Asinus asinum fricat
D’abord parce qu’il se trouve toujours des politologues appointés pour venir doctement vous reprendre : la N-VA n’est pas un parti extrémiste, ce sont de vrais démocrates, les vilains pas beaux, c’est le Vlaams Belang, faut pas tout confondre. Si vous rétorquez à ces experts en byzantinologie que vous ne voyez pas vraiment où est la différence, vous serez taxés d’« antipolitisme » (crime suprême, ce sera vous désormais l’ennemi de la « démocratie ») et le débat sera clos. Les experts coupeurs de cheveux en quatre peineront par contre à expliquer la schizophrénie de ce processus « démocratique » : un électorat populaire vote pour un parti notoirement anti-social, qui entend « dégraisser » la sécurité sociale ; un électoral flamand, dont on sait que la grande majorité souhaite le maintien de l’union nationale, vote pour un parti ouvertement séparatiste ; et ainsi de suite.

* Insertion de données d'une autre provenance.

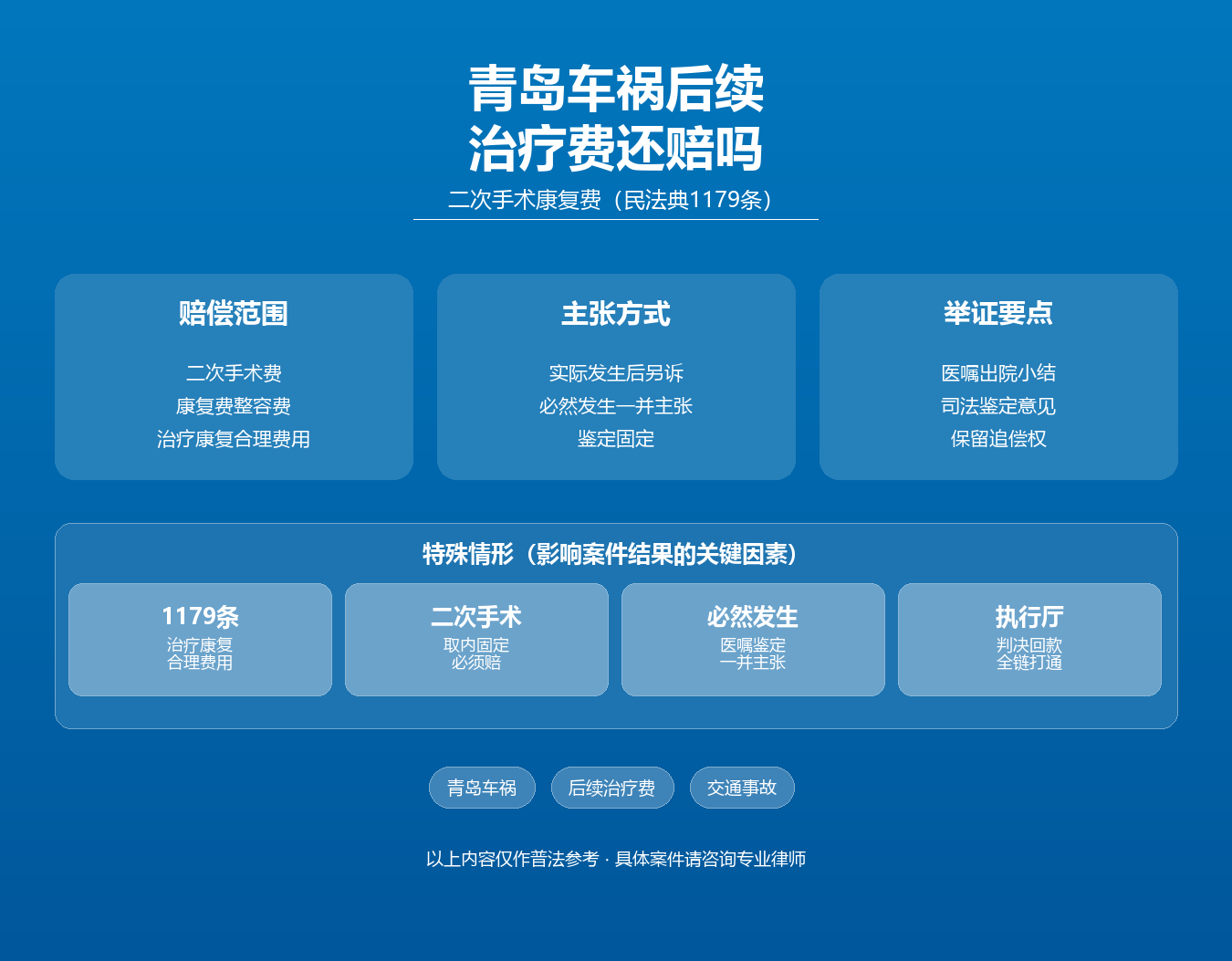 青岛交通事故后续治疗费二次手术赔偿知识图谱·周扬律师·青岛民法典1179条人身损害赔偿后续治疗费二次手术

Les politologues prennent le vote beaucoup plus au sérieux que les électeurs. Il n’y a aucune raison que la chose « politique » en aille différemment du reste de la société spectaculaire. On vote pour la N-VA comme on regarde les séries américaines, sans zapper, et les pubs qui vont avec, pour pouvoir dire à ses collègues le lendemain, derrière une stella : c’était nul, hein ?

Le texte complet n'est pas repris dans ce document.